Joint enterprise: Theories abound about the origins of the term “420,” no doubt debated as bongs were passed around dorm rooms. One is that it relates to the Bob Dylan song with the refrain, “Everybody must get stoned,” which is named “Rainy Day Women No. 12 & 35.” (12 x 35 = 420).

But the most popular explanation, accepted by History.com and multiple exhaustively reported articles in the Huffington Post, dates back to 1971 in the San Francisco Bay area. Five San Rafael High School students, all athletes, would meet after practice at a designated spot at 4:20pm to consume cannabis and took to referring to doing so as 420 to disguise it from adults.

As for how the term was popularized, one theory is that cannabis enthusiasts The Grateful Dead were based just blocks from the high school, and some of the students got to know them and passed along the term.

Buzzed marketing: Like Black Friday, which in days of yore was isolated to that day until retailers started offering discounts earlier that week, 4/20 has crept far beyond the date.

“I would say eight years ago, [4/20] was really about the day before and the day of,” Lynch said. “Now it literally starts on 4/5, and it’s a race to get the consumer share.”

Still, the day itself is huge for Curaleaf:

Along with the sales surge, though, the holiday also presents a challenge: How do cannabis retailers retain all these shoppers who come out of the woodwork on the holiday?

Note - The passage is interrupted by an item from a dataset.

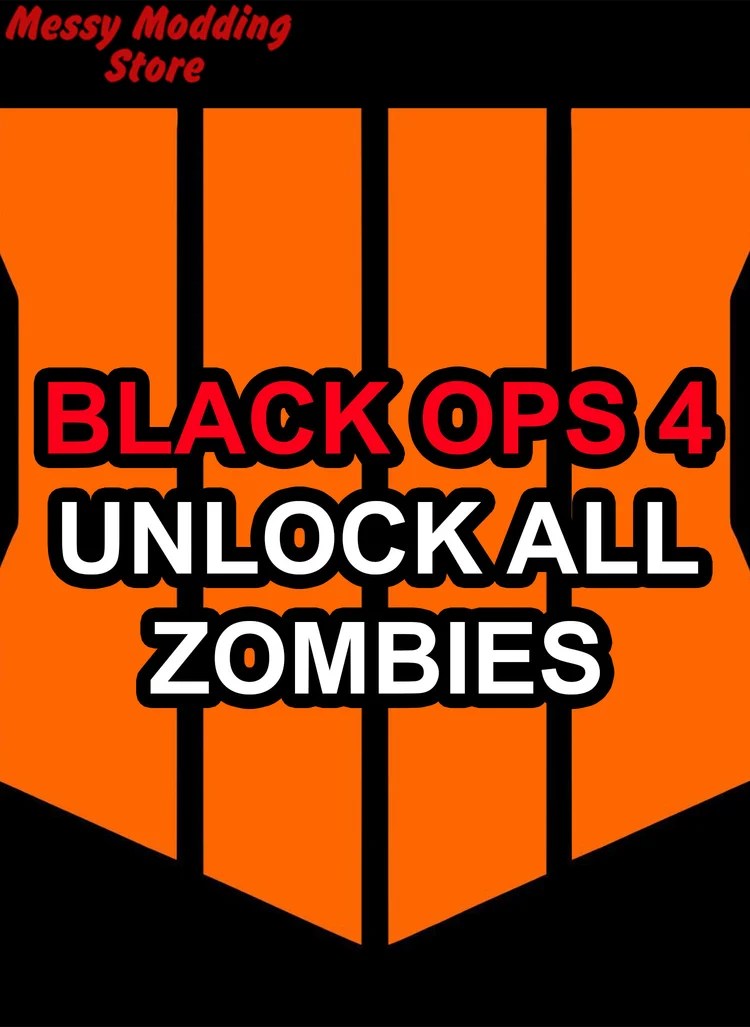 Black Ops 4 Zombies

Pot stickers: “We’re big on recommending that…for new customers, that they build a journey” to get them returning to the store, Harris explained.

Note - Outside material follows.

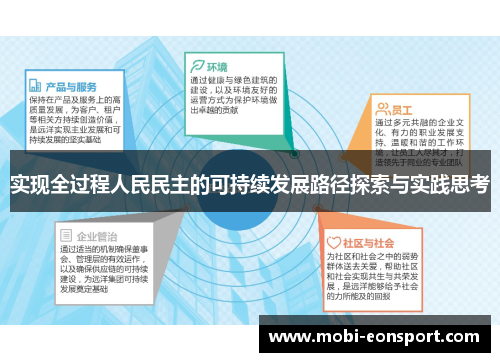 实现全过程人民民主的可持续发展路径探索与实践思考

That means getting newbies enrolled in a loyalty program, and texting them promotions that will lure them back, Harris said.

His company’s software determines when someone’s a new customer and, shortly after their purchase, allows stores to send them a text “thanking them for visiting and giving them a bounce-back offer to come back within the next 10 days and get this special offer,” Harris said. If they do come in that second time, they get another offer for their next visit, he continued.

“We’ve now seen that you have to get customers to visit you three times to be what I would consider a regular customer,” Harris said.

This year, the holiday may draw in more customers than ever for retailers to try to make regulars.

“This year’s 4/20 poised to be the biggest yet,” declared an April 16 headline in Cannabis Business Times. One reason, the article explained, is that it falls on a Saturday, which tends to be the second-biggest sales days for state-licensed retailers, losing only to Friday.